Eastwood’s illumination of the story's essential criminal element contains equally compellingly strong contributions from Fishburne as the US lawman on his trail and Cooper making the most of his role as the Federal Drug Administration cop out to lasso mule Eastwood, who skilfully blends character, narrative and visuals into an absorbing thriller whose impact is vividly potentiated by a strong narrative pace and vivid location work and characterisations that entertainingly prove Eastwood's continually maturing talent to entertain from both sides of the camera is as gripping as ever.

No masterpiece, perhaps, but nevertheless eminently welcome entertainment.

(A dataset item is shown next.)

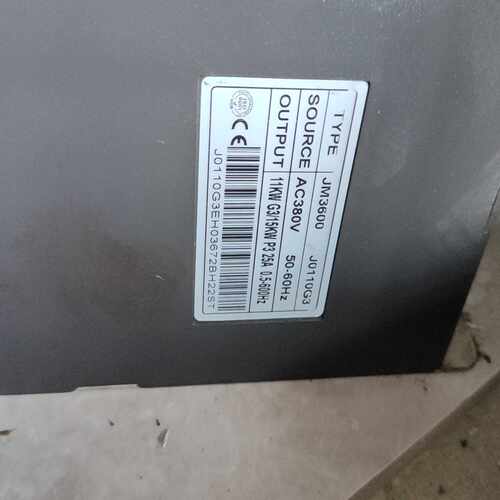 珈玛变频器JM3600  J0110G3,11KW到15KW（gg设备） - 图0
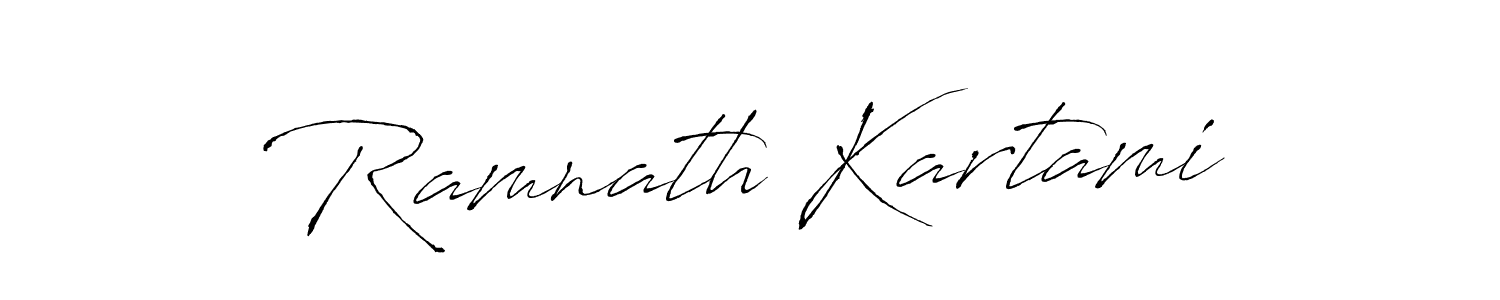 How to make Ramnath Kartami name signature. Use Antro_Vectra style for creating short signs online. This is the latest handwritten sign. Ramnath Kartami signature style 6 images and pictures png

Whereas in his recent (and probable?) screen swansong The Old Man & the Gun, Robert Redford came across as emphasising 'Look at me, LOOK AT ME!' in his every scene, here Eastwood concentrates on creating a memorable character and telling his story as it deserves to be told and telling it well, with no Redford-style 'It's me!' element in his compelling, narrative-driven performance.

Alan Frank

USA 2018. UK Distributor: Warner Brothers. Colour.
116 minutes. Widescreen. UK certificate: 15.

Guidance ratings (out of 3): Sex/nudity 1, Violence/Horror 2, Drugs 2, Swearing 2.